# THE DATA
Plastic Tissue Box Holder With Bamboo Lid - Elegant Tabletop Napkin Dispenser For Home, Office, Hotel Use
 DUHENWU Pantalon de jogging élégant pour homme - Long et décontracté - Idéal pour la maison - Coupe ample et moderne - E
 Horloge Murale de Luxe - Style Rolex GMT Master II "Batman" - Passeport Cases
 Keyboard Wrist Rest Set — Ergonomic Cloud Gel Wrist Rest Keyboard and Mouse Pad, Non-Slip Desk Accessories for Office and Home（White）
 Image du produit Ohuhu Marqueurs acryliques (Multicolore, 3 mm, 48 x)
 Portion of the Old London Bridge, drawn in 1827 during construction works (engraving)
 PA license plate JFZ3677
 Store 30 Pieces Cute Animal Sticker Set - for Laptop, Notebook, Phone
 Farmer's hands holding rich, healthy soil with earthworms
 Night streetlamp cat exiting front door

# WORK TO BE COMPLETED
Only the lines from the one containing "PA license plate JFZ3677" to the end of the data should be printed, exactly as they stand.

# RESULT FOR THIS EXERCISE
 PA license plate JFZ3677
 Store 30 Pieces Cute Animal Sticker Set - for Laptop, Notebook, Phone
 Farmer's hands holding rich, healthy soil with earthworms
 Night streetlamp cat exiting front door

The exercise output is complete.